** DATA EXTRACT follows **
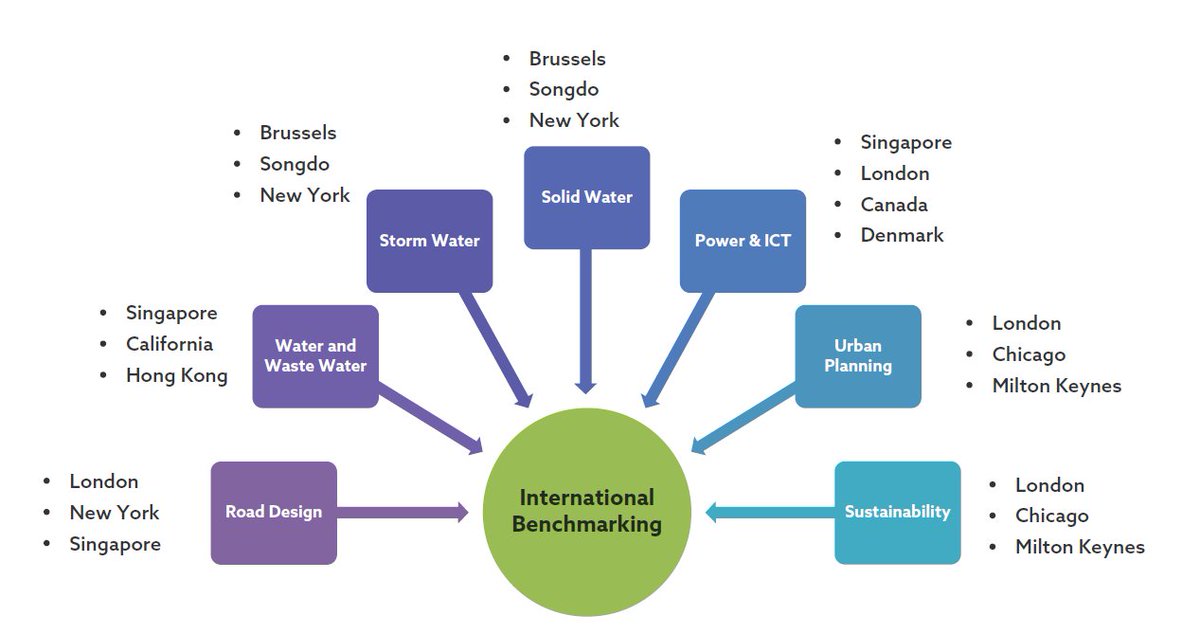 DJB_DARSHAN's tweet image. Dholera SIR sets new standards with world-class infrastructure! 🏗️ Benchmarking against international standards. #DholeraSIR #WorldClassInfrastructure #InvestNow #Dholera

Invest in Dholera SIR today!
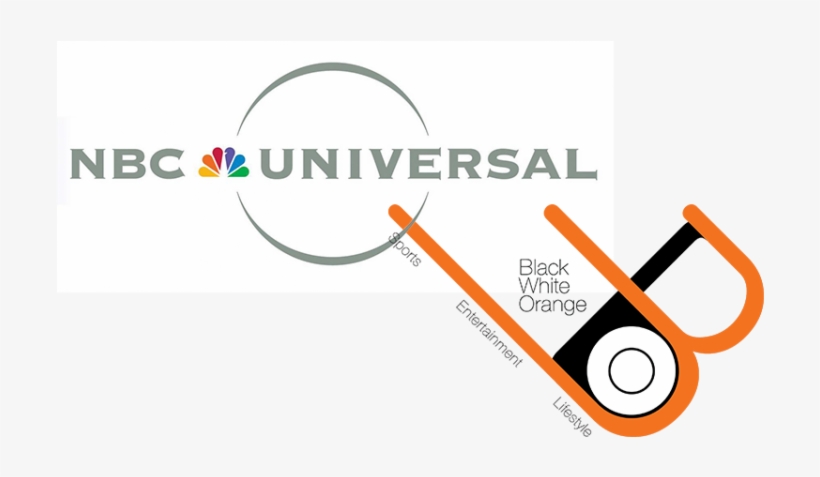 Nbcuniversal Agent To Bring Its Brands To India - Nbc Universal, transparent png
** End of DATA EXTRACT **
Your task is to set down each line above verbatim while excluding the pictures.

 DJB_DARSHAN's tweet image. Dholera SIR sets new standards with world-class infrastructure! 🏗️ Benchmarking against international standards. #DholeraSIR #WorldClassInfrastructure #InvestNow #Dholera

Invest in Dholera SIR today!
 Nbcuniversal Agent To Bring Its Brands To India - Nbc Universal, transparent png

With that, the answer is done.